What it actually means.

The right of the people to be secure in their persons, houses, papers, and effects, against unreasonable searches and seizures, shall not be violated, and no warrants shall issue, but upon probable cause, supported by oath or affirmation, and particularly describing the place to be searched, and the persons or things to be seized.

Court case.

A police officer witnessed three men pacing in front of a jewelry store and suspected that a robbery was being planned. He approached the men and identified himself, then performed frisks of defendants Chilton and Terry and discovered illegal concealed weapons. Defendants were convicted and appealed, claiming that the frisk violated their Fourth Amendment right against unlawful searches and seizures.

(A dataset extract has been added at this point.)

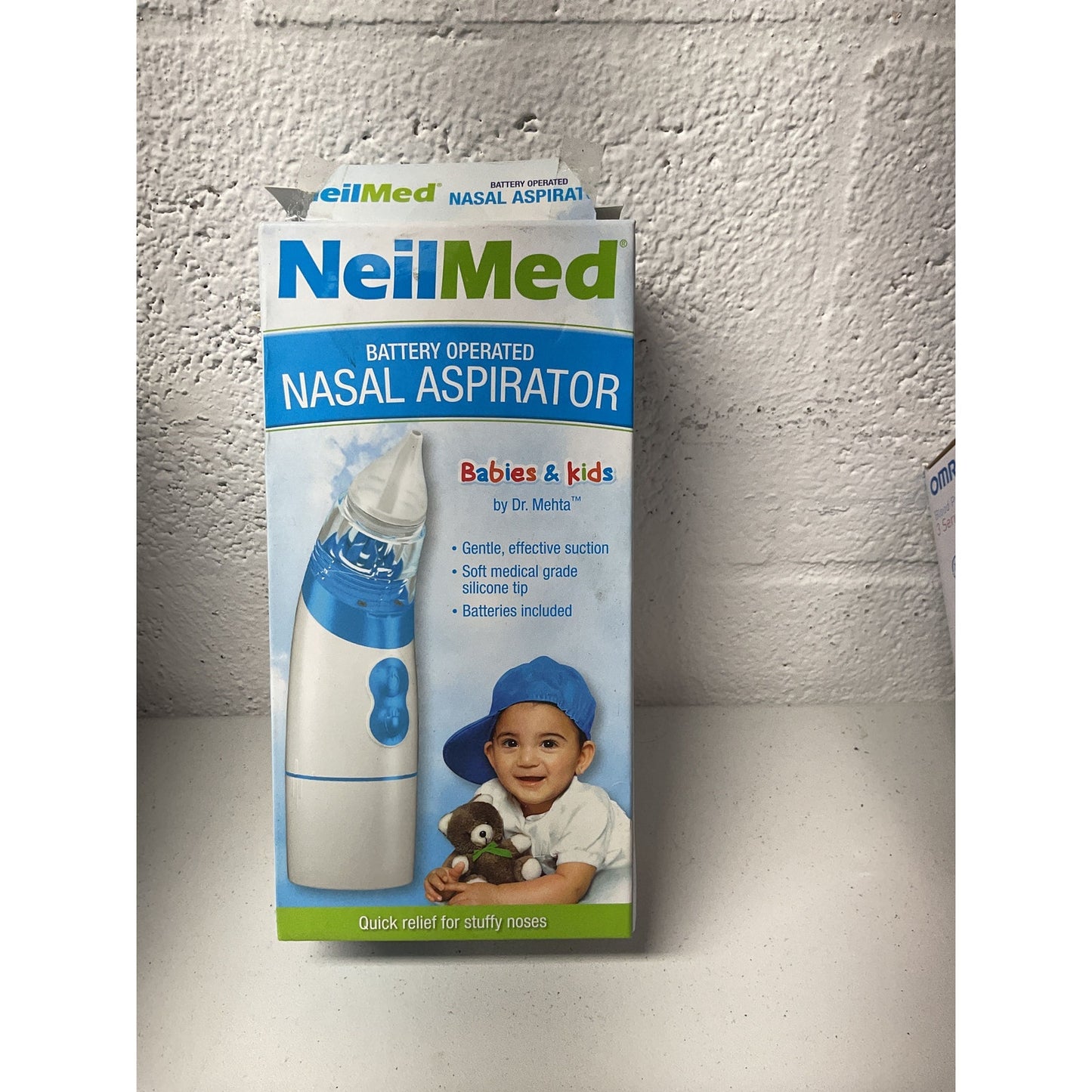 NeilMed Baby Aspirador Nasal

The Supreme Court upheld the conviction, finding that when a law enforcement officer has "reasonable grounds" for suspecting that a criminal suspect may be armed, he may pat down the outer layer of the suspect's clothing for weapons. The ruling held that the Fourth Amendment protection against unreasonable searches and seizures is not violated when a pat down is performed based on reasonable suspicion for the purpose of ensuring officer safety.

My Own Court Case

Officer Brown saw two black males walking in front of a gas station. He thought that they were attempting to rob it. He asked them to allowed to be searched. He found two illegal weapons, and the men started to protest. The claimed that their right for searches was being violated and they were both arrested. They went to court and the judge said that the officer had "reason" for searching, since the men looked suspicious.